Your task>
Beginning at the line containing "droped flower design light green neckpiese droped", give again every line through the end of the data, unchanged and with both ends included. Drop any pictures.
*** Material provided ***
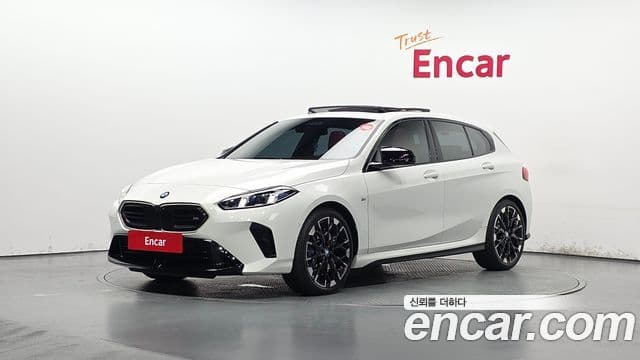 BMW 1 Series 2025 — ფოტო 1/20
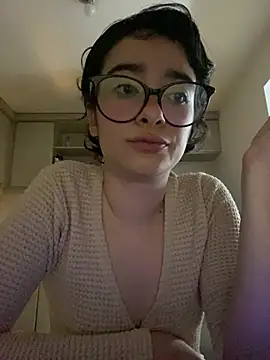 Snapshot of _Lunnaa_ chatting on April 6, 2026, 4:46 am Lunnaa online show from April 6, 2026, 4:46 am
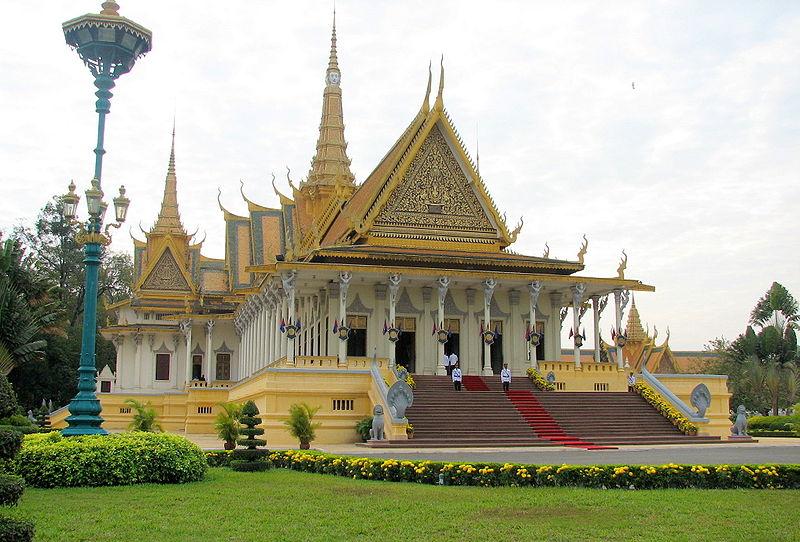 พระราชวังเขมรินทร์แห่งกรุงพนมเปญกัมพูชา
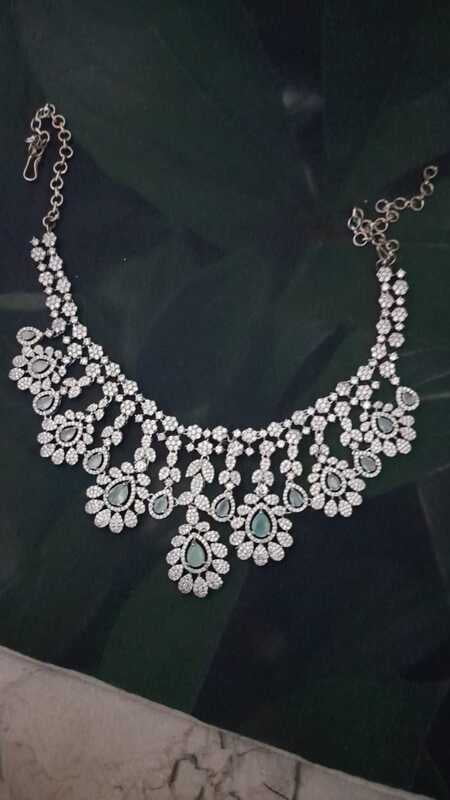 droped flower design light green neckpiese droped flower design light green neckpiese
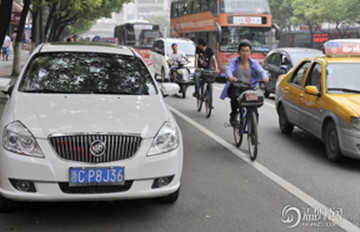 直击人民路停车乱象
*** End of Material provided ***
Finished exercise>
 droped flower design light green neckpiese droped flower design light green neckpiese
 直击人民路停车乱象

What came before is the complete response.